2010 compared with 2009

The following discussion compares our consolidated operating results for the year ended December 31, 2010, with the year ended December 31, 2009.

Our cigarette shipment volume of 899.9 billion units increased 35.8 billion (4.1%), due primarily to gains in:

 

   

Asia, driven by growth in Indonesia, reflecting a higher total market; Korea, driven by higher share; and the favorable impact of the business combination with Fortune Tobacco Corporation in the Philippines of 57.4 billion units; partially offset by Japan, due to the lower total market reflecting the impact of the October 1, 2010, tax-driven retail price increases and unfavorable trade inventory movements, partly offset by higher market share; and

 

   

Latin America & Canada, mainly due to Canada, reflecting a higher tax-paid market, and Mexico, partially driven by trade inventory movements ahead of the January 1, 2011, excise tax increase.
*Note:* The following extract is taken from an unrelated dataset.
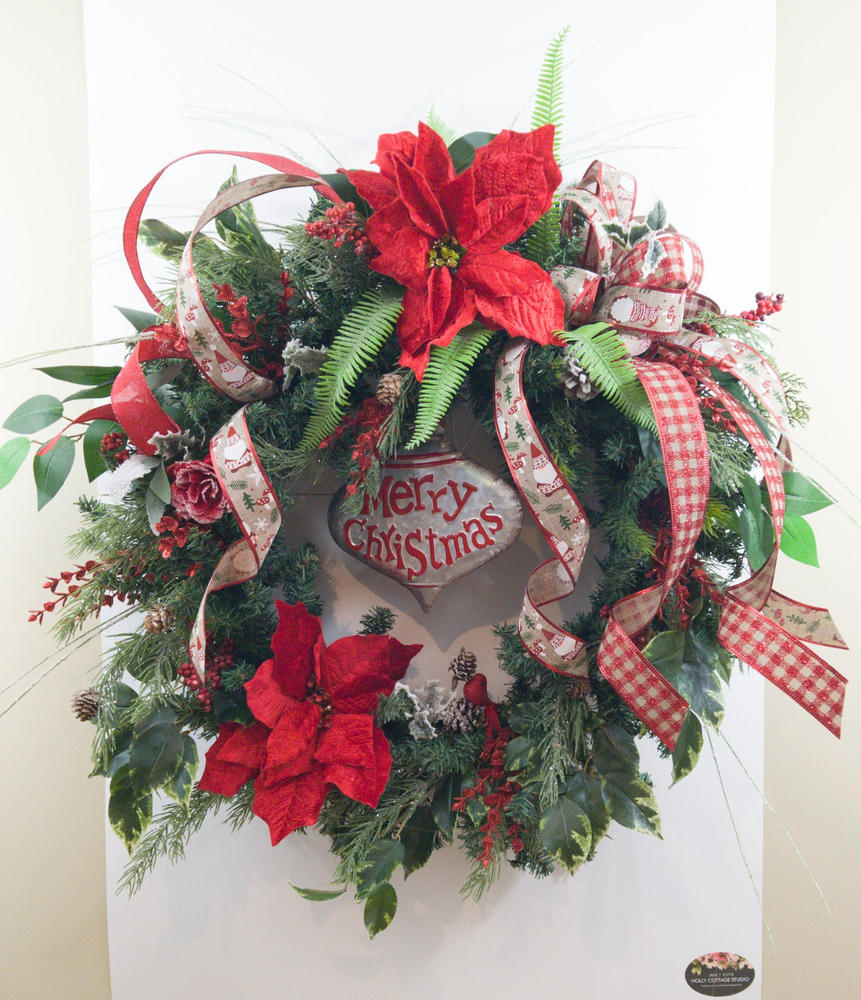 Merry Christmas - Glittering Door Wreath - Customer Photo From Carolyn DOrazio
These gains were partially offset by declines in:

 

   

the European Union, primarily reflecting lower total markets, notably in the Baltic States, Greece, Poland and Spain, driven by tax-driven price increases and adverse economic conditions; and lower market share, mainly in the Czech Republic, Germany, Greece and Portugal; and

 

   

EEMA, primarily due to: Romania, reflecting a lower total market and lower market share following excise tax increases in 2009 and January and July 2010, as well as unfavorable trade inventory movements; Turkey, reflecting the unfavorable impact of a significant excise tax increase in January 2010; and Ukraine, reflecting the unfavorable impact of steep tax-driven price increases in January and July 2010; partially offset by increases in Russia, due primarily to higher market share and favorable distributor inventory movements; and North Africa, primarily Algeria, reflecting higher market share.

Excluding acquisitions (primarily the business combination with Fortune Tobacco Corporation in the Philippines), our cigarette shipment volume was down 2.5%.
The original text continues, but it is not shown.